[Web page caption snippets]

*** Begin section ***

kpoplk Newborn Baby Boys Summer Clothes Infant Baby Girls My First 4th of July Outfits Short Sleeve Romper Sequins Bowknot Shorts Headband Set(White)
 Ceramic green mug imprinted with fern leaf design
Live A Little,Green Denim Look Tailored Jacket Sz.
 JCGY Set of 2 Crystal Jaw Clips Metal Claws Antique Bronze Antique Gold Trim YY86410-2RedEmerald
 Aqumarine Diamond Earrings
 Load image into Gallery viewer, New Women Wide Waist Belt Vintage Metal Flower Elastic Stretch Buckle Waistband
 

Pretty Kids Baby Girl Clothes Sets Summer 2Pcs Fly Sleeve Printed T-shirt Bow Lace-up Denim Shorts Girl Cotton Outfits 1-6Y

*** End section ***

What is being asked :: Wherever the string "Baby" shows up in a line of the records, count that line once. Report the total alone.

Your solution :: 2